Dies ist die erste Ausstellung des Kunstraum München mit tschechischen Künstlern. Sie geht auf eine Anregung des Artcircolo zurück, einem Münchner Verein, der Ausstellungen an verschiedenen Orten Europas durchführt. In einer Ausstellung in Melnik bei Prag stellte er vier tschechische Künstler vor, die auch in München gezeigt werden sollen. Zwei dieser Künstler wurden vom Kunstraum München eingeladen, neue Arbeiten zu realisieren.
Vladimir Kokolia und Tomas Ruller sind zwei sehr unterschiedlich arbeitende Künstler. Während Kokolia in erster Linie Zeichner und Maler ist, bedient sich Ruller verschiedener Medien wie Performances, Installationen, Skulpturen, visueller Linguistik und Videofilmen. Die Künstler, die sich seit langer Zeit kennen - beide kommen aus Brünn und haben an der Kunstakademie in Prag studiert - wollten immer schon einmal eine gemeinsame Ausstellung erarbeiten.
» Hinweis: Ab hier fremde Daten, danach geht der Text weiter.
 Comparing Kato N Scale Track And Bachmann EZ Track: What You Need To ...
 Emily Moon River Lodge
Ihr Konzept für die Münchner Ausstellung ist durch die Raumsituation inspiriert worden. Jeder Künstler hat zwei etwa gleichgroße Räume zur Verfügung. In jeweils einem Raum erstellt er eine ganz neue Arbeit nach seinem eigenen künstlerischen Programm. In dem zweiten Raum dagegen versucht er, mit seinen Mitteln die künstlerischen Ideen des anderen darzustellen. Keiner von beiden kennt die Pläne des anderen. Auch während der Arbeit bleibt sie dem jeweils anderen verborgen, da die Räume durch Türen begrenzt und geschlossen werden. Die dadurch wiederhergestellte ursprüngliche Wohnraumsituation wird zusätzlich betont, indem die Künstler die Räume während des Arbeitsprozesses in "Besitz" nehmen: sie werden dort auch wohnen.
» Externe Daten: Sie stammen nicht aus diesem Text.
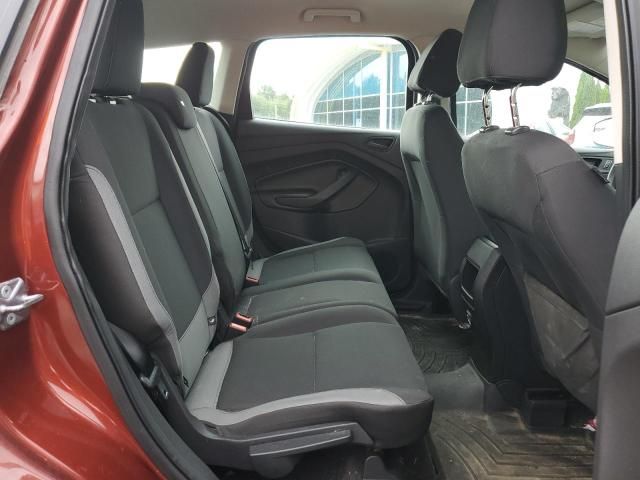 2014 Ford Escape S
Vladimir Kokolia, geboren 1956 in Brünn, studierte von 1975 bis 1981 an der Kunstakademie in Prag, wo er seit 1992 Professor für Malerei ist. Seit 1984, nach der politischen Öffnung der tschechischen Republik, konnte er im westlichen Ausland ausstellen. 1991 war er an der Ausstellung mit tschechischen Künstlern "Beitrag zum Gück" in München beteiligt, 1992 nahm er an der documenta IX teil. Die Kunst Vladimir Kokolia's ist durch sozialkritische Überlegungen geprägt. Vor allem in seinen frühen Zeichnungen führt er den Menschen als egoistisches und letztlich selbstzerstörerisches Wesen vor. Um 1985 beginnt er mit Ölbildern, deren Motive aus der Realität abgeleitet, aber doch weitgehend abstrahiert sind. Jede Form der Institutionalisierung der Kunst im Westen wie im Osten ist ihm suspekt, für ihn erschließt sich Kunst nur in der unmittelbaren Auseinandersetzung mit ihr. In den letzten Jahren beschäftigt ihn immer mehr die Suche, einen Ausdruck für das Nicht-Sichtbare zu finden, für das, was zwischen den Dingen ist. Dabei untersucht er auch, welche Rolle das Licht bei der Wahrnehmung spielt.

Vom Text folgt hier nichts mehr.